Déplorant aussi ce classement et ces conditions, le Gifen a appelé à les faire évoluer lors de la prochaine révision de la taxonomie : « Le Gifen regrette que le nucléaire soit reconnu comme une énergie de transition et que son inclusion repose sur une série de critères. [...] Les critères d'éligibilité des activités nucléaires tels que définis par l'acte délégué complémentaire seront soumis à des révisions périodiques tous les trois ans par la Plateforme européenne sur la Finance durable. De ce fait, le Gifen préconise une série de modifications. »

Une inclusion pleine et entière de l'énergie nucléaire à la taxonomie est donc cruciale pour les acteurs industriels, le CEA ayant aussi salué ses bénéfices pour les opérateurs de recherche, car « elle devrait permettre l'accès à des conditions de financement plus favorables qui peuvent, par effet de cascade, favoriser la recherche et l'innovation dans le domaine du nucléaire ».

En second lieu, l'énergie nucléaire doit disposer d'un soutien étatique suffisant . L'industrie nucléaire est fortement capitalistique, les coûts de construction des réacteurs étant élevés mais leurs coûts de fonctionnement étant faibles. La construction de 6 EPR est ainsi évaluée à 46 Mds€ par le groupe EDF et à 52 Mds€ par le Gouvernement. Ce sont aussi des projets dont la durée est longue : 25 ans pour la construction et 60 ans pour l'amortissement, selon le Gouvernement. Pour ce dernier, ces projets présentent « une durée de retour sur investissement parmi les plus longues dans le secteur des infrastructures énergétiques ». Ce sont aussi des projets dont les risques sont importants, qui concernent la construction, l'exploitation ou le marché. Selon le modèle de financement retenu, ces risques peuvent reposer in fine sur les investisseurs, les consommateurs ou les contribuables. Au total, pour le Gouvernement, « au regard des caractéristiques spécifiques des projets nucléaires, une intervention économique substantielle de l'État est prévue ».

Le modèle de financement de l'énergie nucléaire est très variable . En France, il a successivement reposé sur la fixation des tarifs (années 1980), l'autorisation d'emprunt (années 1980) ou les fonds propres (pour l'EPR de Flamanville). En Europe, il est alternativement assuré par un consortium d'industriels électro-intensifs (Finlande), un prêt étatique (République tchèque), un prêt interétatique (Hongrie) ou des revenus de long-terme, garantis ou régulés (Royaume-Uni). Quel que soit le modèle choisi, l'AEN a suggéré de « réformer la réglementation des marchés pour veiller à ce que la valeur systémique de l'exploitation à long terme soit rémunérée de manière appropriée » .

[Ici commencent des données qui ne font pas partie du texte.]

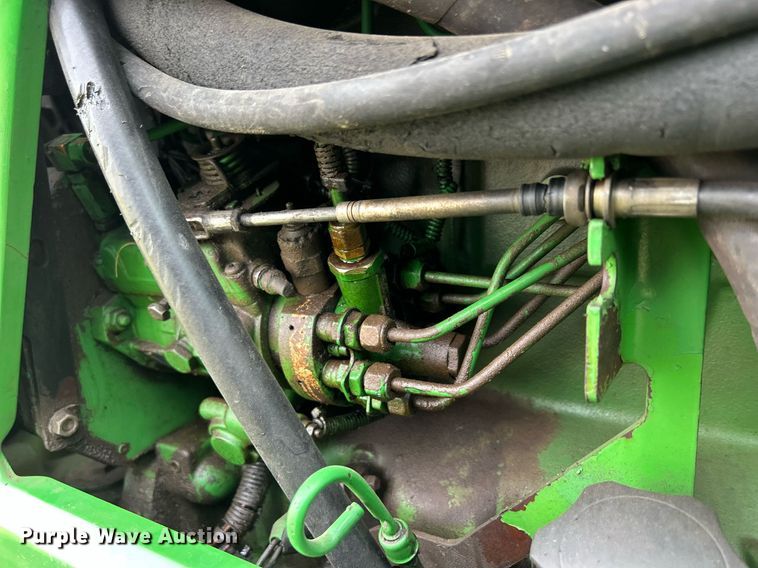 image for item ND9403 1997 John Deere 7210 tractor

Compte tenu de la situation financière du groupe EDF , dont la dette s'élève à 43 Mds€ et la notation s'établit entre Baa1, BBB et BBB+, le groupe ne semble pas en capacité de financer seul cet investissement : au reste, la Cour des comptes a noté que « de nouveaux modes de financement des réacteurs électronucléaires devront, dans cette hypothèse, être mis en place. EDF ne peut financer seul la construction de nouveaux réacteurs, et ne pourra plus s'engager sans garanties sur le revenu que lui procurera l'exploitation de ces réacteurs. Aucun nouveau projet ne saurait être lancé sans une forme de garantie publique, quel que soit le dispositif retenu » 213 ( * ) .

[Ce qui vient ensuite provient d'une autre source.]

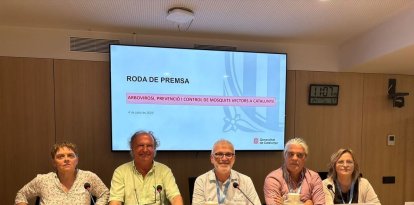 Responsables sanitaris i d’altres departaments, ahir a Barcelona. - GENERALITAT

La SFEN et le Gifen ont tous deux insisté sur le besoin d'un « soutien de l'État » ; de son côté, The Shift Project a évoqué « un fort engagement de l'État » précisant que « la garantie de l'État doit permettre d'emprunter à des taux plus faibles que ceux pratiqués récemment ».

À ce stade, le Gouvernement a indiqué ne pas avoir arrêté de modèle de financement, qui nécessitera de toute évidence l'accord préalable de la Commission européenne : « Plusieurs options sont actuellement à l'étude par les pouvoirs publics, notamment l'intervention de l'État en fonds propres, en tant qu'actionnaire du projet ou à travers une subvention, ainsi que la définition d'un cadre de régulation adapté qui aura vocation à protéger l'investissement tout en incitant à la maîtrise des coûts et des calendriers de mise en service. La conformité des modalités d'intervention économique de l'État au droit communautaire devra être établie auprès de la Commission européenne. »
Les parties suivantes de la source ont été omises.